Manning is fighting charges that he “aided the enemy” by passing military documents to WikiLeaks. His trial has implications for whistleblowers, the press and national security, and the opening day of proceedings on Monday drew a large crowd of journalists to the scene.
By Tuesday, though, many appeared to have gone. The New York Times noted in a Tuesday piece that there had been a “sharp drop from Monday in the presence of news organizations and protesters at the trial, which opened Monday at this military base near Baltimore, as it shifted from the drama of the opening statements toward chain-of-custody issues and other evidentiary matters.”

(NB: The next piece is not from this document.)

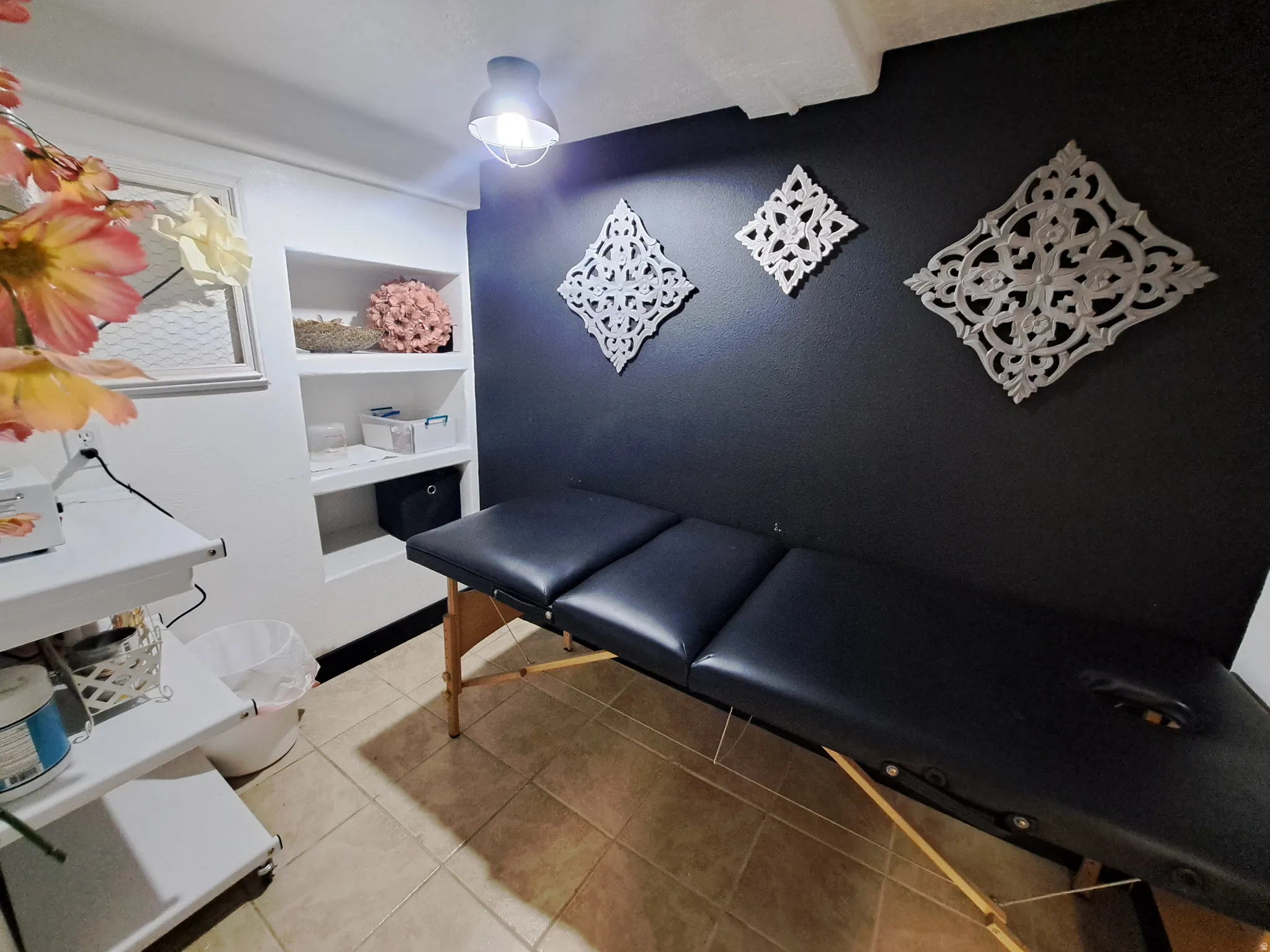 Room with light tile patterned flooring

TV outlets appeared the most uninterested. The trial merited barely any time on the big three evening news networks over its first two days. Brian Williams spent 43 seconds talking about it, calling Manning “the man who may have put U.S. military secrets in the hands of Osama bin Laden.” This comment led the media watchdog FAIR to point out that, by the same token, NBC News itself could have put military secrets in bin Laden’s hands.
Even Williams’ brief mention of Manning was lengthier than CBS News’ Scott Pelley’s. Pelley spent about 10 seconds on it on Monday, before turning to a much more extensive conversation with Condoleezza Rice about Syria.
ABC’s Diane Sawyer, meanwhile, didn’t mention the trial on either Monday or Tuesday.
The trial did not receive much coverage on cable news on Monday and Tuesday either. Jake Tapper did a segment about it on his CNN show, and Piers Morgan covered it by asking Jesse Ventura what he thought of the case. Anderson Cooper’s newsreader, Isha Sesay, briefly mentioned it during a roundup of stories.